:: Task to complete ::
The lines to be extracted begin at the line containing "Blusa Infantil em" and end at the last line of the data below; copy them exactly and leave out the pictures.

:: Given records ::
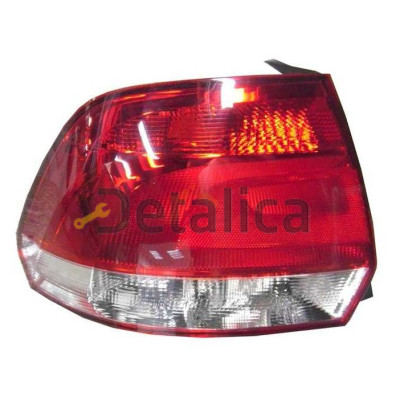 Фонарь задний левый Седан для Фольксваген Поло 5 от 2010 (Depo)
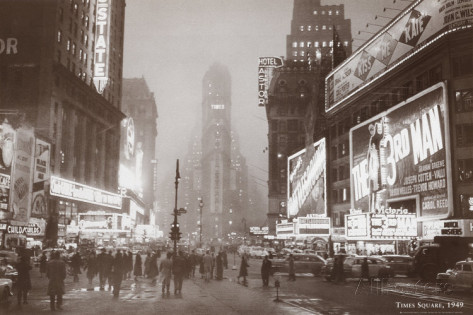 Times Square 1942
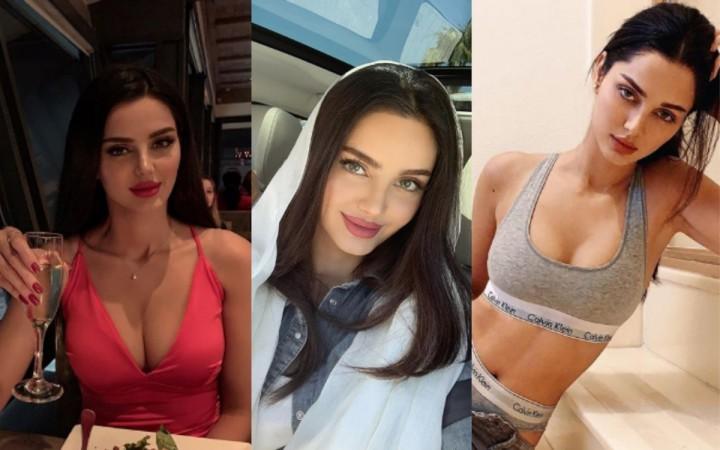 Mahlagha Jaberi, the doppelganger of Bollywood star Aishwarya Rai Bachchan. Mahlagha Jaberi, the doppelganger of Bollywood star Aishwarya Rai Bachchan
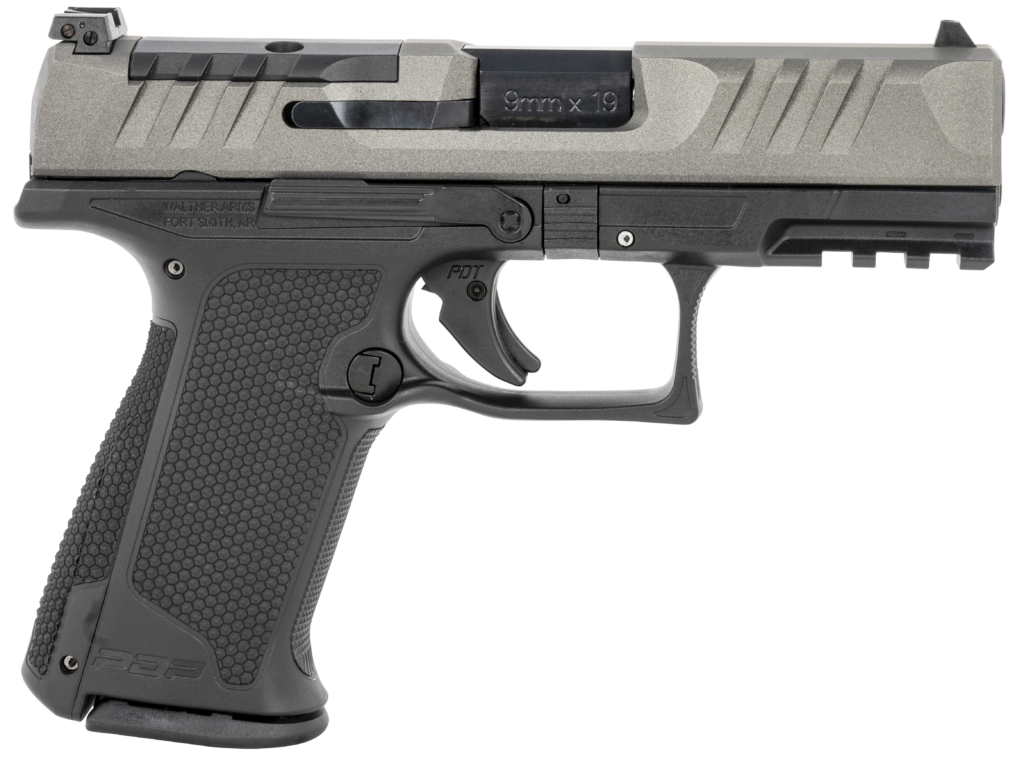 Walther PDP F-Series 9mm Grey Optics Ready 15 Round Capacity 2842734GY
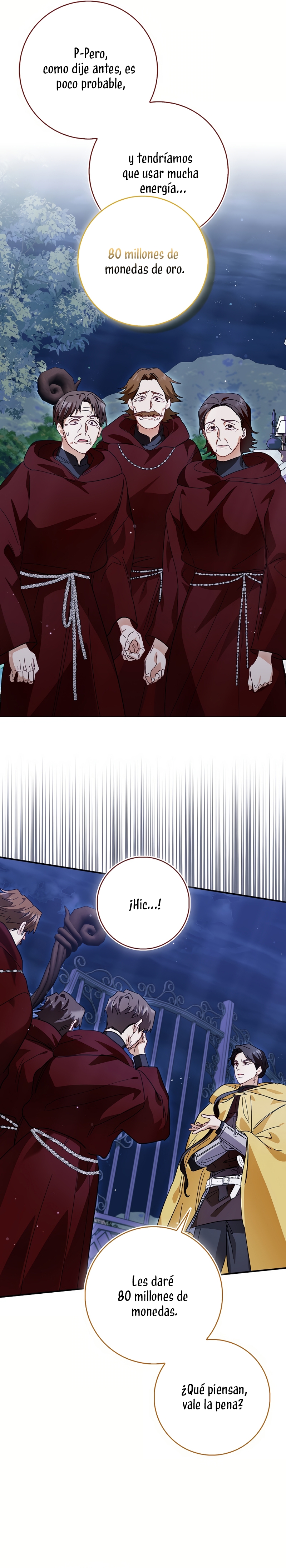 Me convertí en la sirvienta del protagonista de un juego de terror Capítulo 64 - Page 16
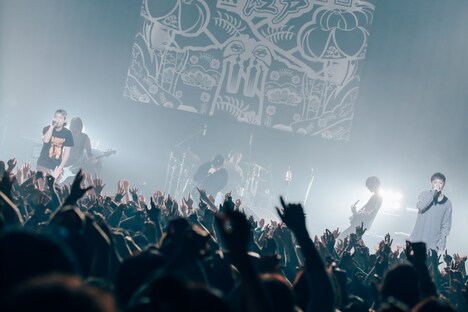 ORANGE RANGE(撮影:西槇太一)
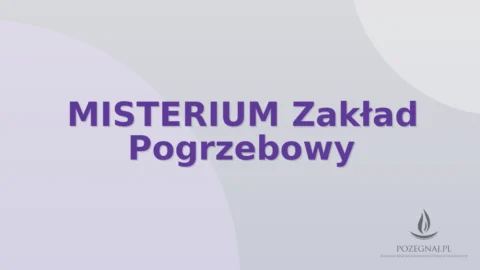 MISTERIUM Zakład Pogrzebowy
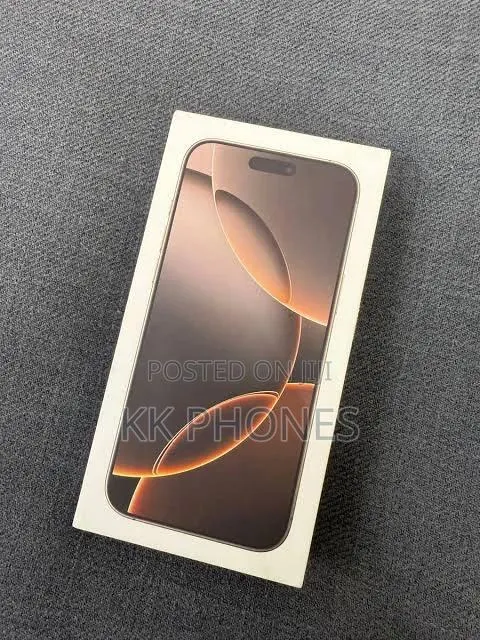 New Apple iPhone 16 Pro Max 512 GB Gold · Photo 1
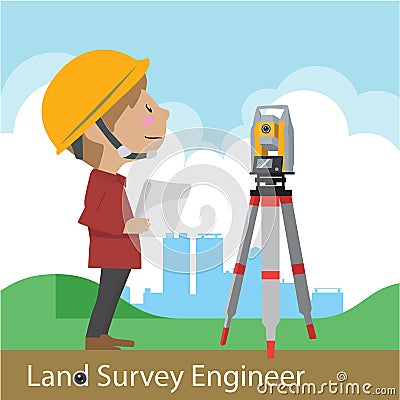 Construction and civil engineering vector Vector Illustration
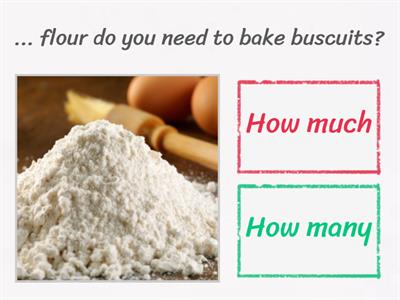 How much / many 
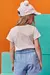 Blusa Infantil em Meia Malha Estampa Frontal - Kukiê 74389 na internet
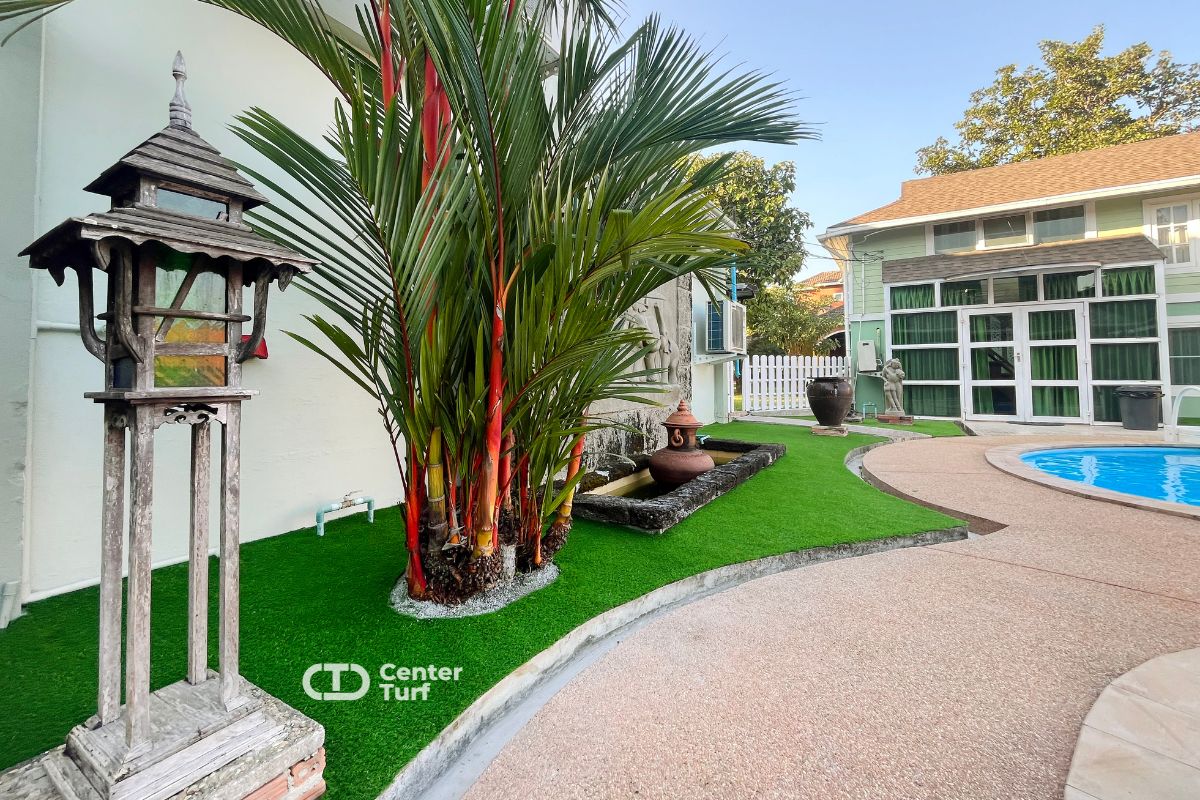 ปรับเปลี่ยนภูมิทัศน์รอบบ้านให้สวยขึ้นกว่าเดิม ด้วยหญ้าเทียมคุณภาพ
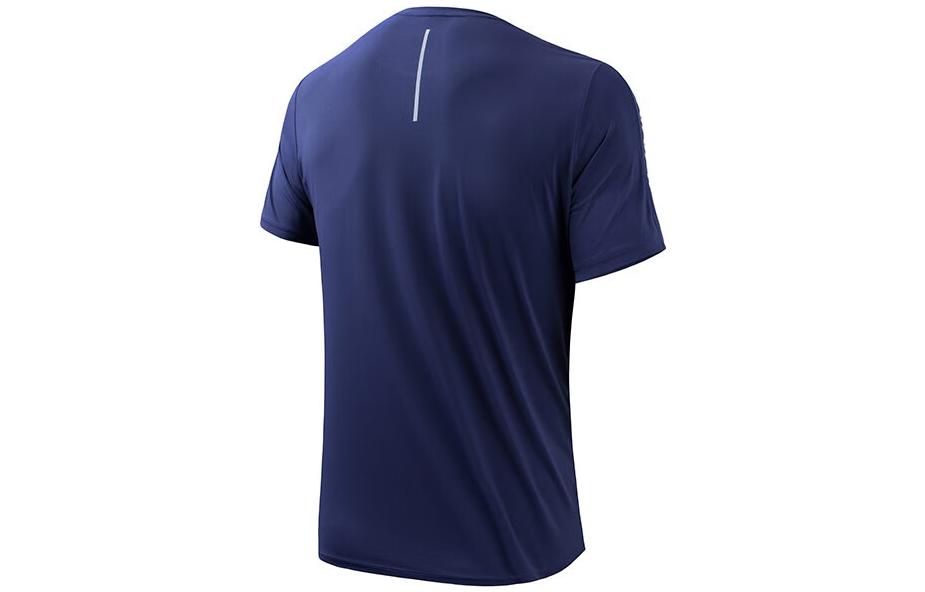 Anta Running Collection Running T Shirt Men’s Chaos Blue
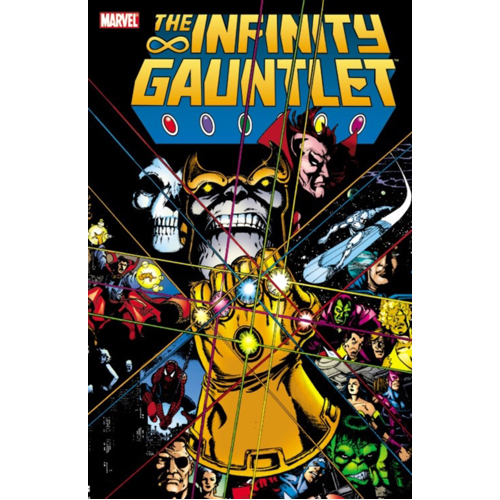 Книга Infinity Gauntlet (Paperback) starlin j infinity gauntlet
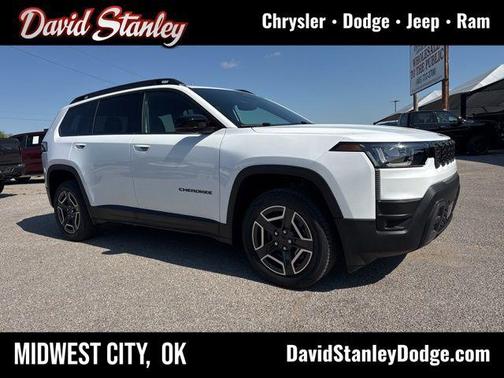 Bright White Clearcoat 2026 Jeep Cherokee Limited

:: Result of the exercise ::
 Blusa Infantil em Meia Malha Estampa Frontal - Kukiê 74389 na internet
 ปรับเปลี่ยนภูมิทัศน์รอบบ้านให้สวยขึ้นกว่าเดิม ด้วยหญ้าเทียมคุณภาพ
 Anta Running Collection Running T Shirt Men’s Chaos Blue
 Книга Infinity Gauntlet (Paperback) starlin j infinity gauntlet
 Bright White Clearcoat 2026 Jeep Cherokee Limited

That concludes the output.